Greenstein also provides this information, which may have been reported before but if so, escaped me:

ABC Sports picks first each week. The BTN gets the second choice (ahead of ESPN)
in three of 12 weeks and the third choice three other weeks. In six weeks it picks fourth after ABC, ESPN and ESPN2.

That does suggest that the games on the BTN will be a bit higher profile than the typical ESPN Plus games in the past.

UPDATE: Here's the release. Nothing much new. August 30 is the official launch date for the network, not just the studio show. The list of the committed companies is interesting:

Some of the local systems planning to carry Big Ten Network as part of their expanded basic level of service include Altatec Alta Municipal Utility, Cedar Falls Utilities, Celect Communications, Consolidated Communications Network Services, City of Wadsworth Cable TV, Dixon Telephone Company, Grundy Center Municipal, Harlan Municipal Utilities, Hiawatha Broadband, Horizon Telecom, Independence Communications, Iowa Network Services, Mid-Century Communications, Moultrie Telecommunications, Muscatine Power & Water, Oneida Cablevision, Spencer Municipal Utilities, The Community Agency and USA Communications. In addition, Big Ten Network has national distribution agreements with DirectTV and the new AT&T U-verseSM service, as well as a major regional agreement with Buckeye Cable.
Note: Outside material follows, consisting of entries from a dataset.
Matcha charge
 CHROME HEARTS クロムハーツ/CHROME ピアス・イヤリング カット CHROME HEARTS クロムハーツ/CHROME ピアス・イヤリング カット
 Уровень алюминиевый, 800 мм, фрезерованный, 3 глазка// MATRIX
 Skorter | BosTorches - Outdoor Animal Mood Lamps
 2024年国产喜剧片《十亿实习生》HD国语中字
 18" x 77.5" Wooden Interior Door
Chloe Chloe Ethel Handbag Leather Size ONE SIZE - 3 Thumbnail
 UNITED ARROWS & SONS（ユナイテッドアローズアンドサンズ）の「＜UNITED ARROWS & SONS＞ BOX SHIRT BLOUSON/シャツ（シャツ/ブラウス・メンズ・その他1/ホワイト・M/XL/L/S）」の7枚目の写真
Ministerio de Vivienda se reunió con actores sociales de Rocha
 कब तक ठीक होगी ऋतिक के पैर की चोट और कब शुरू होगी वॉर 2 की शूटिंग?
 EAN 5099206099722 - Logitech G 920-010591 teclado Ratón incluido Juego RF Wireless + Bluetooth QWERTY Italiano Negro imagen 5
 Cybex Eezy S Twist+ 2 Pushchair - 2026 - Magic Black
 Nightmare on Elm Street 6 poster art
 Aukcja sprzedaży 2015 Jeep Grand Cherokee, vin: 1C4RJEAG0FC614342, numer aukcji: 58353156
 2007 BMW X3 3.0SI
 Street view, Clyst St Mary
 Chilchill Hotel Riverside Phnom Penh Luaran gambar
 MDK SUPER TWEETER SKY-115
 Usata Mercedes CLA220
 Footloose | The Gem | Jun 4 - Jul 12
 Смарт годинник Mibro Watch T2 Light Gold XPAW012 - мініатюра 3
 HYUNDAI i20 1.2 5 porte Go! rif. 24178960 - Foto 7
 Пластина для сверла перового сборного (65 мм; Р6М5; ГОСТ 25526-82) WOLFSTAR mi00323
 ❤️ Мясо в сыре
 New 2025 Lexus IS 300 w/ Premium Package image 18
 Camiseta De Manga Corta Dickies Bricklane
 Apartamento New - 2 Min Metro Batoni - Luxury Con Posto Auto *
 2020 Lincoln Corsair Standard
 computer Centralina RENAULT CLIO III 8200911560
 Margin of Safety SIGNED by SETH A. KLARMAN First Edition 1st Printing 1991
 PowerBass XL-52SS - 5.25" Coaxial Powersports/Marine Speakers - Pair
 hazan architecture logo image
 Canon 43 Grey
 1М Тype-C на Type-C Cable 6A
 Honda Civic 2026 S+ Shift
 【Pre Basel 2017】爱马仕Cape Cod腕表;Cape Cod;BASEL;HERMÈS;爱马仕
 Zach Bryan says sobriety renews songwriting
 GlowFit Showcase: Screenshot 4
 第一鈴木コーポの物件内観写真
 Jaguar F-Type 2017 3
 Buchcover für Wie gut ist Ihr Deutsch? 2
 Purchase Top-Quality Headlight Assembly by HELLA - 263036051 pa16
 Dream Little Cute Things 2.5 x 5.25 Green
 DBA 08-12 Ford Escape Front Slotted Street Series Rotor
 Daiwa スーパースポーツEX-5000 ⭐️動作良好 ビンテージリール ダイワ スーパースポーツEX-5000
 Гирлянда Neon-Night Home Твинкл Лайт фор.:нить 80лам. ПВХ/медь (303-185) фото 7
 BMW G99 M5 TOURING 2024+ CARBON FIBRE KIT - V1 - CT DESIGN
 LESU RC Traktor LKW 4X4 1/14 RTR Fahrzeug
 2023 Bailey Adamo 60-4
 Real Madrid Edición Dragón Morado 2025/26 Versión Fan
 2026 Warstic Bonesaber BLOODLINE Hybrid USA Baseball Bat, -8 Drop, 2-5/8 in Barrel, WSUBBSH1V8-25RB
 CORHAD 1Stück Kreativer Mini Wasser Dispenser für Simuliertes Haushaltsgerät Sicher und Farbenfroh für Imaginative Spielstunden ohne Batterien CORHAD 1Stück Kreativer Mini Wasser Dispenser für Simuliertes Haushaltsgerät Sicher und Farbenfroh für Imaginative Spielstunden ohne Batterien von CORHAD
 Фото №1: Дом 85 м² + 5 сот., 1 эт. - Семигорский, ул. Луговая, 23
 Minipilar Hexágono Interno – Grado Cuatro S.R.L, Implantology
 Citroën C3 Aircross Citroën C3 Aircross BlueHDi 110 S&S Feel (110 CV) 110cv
That's better than not having Harlan and Muscatine in the bag, I suppose. And as Grundy goes, so goes the nation. How many households are represented on that list. 500?

1 comment:

Unknown said...

“Maybe the programming is a little better than ESPN Plus but, as it looks from the post, only for a couple of weeks. And this only applies to football - what about basketball? That’s what I (and most of the state, I’d guess) care about the most. Who gets to pick those games before the BTN? Everybody else? Last year most of those games were on ESPN(s), plus a few on CBS – almost 29 games in all if you look at the IU website. The fact that I have to pay for stuff I was already getting for free already is absolutely ridiculous.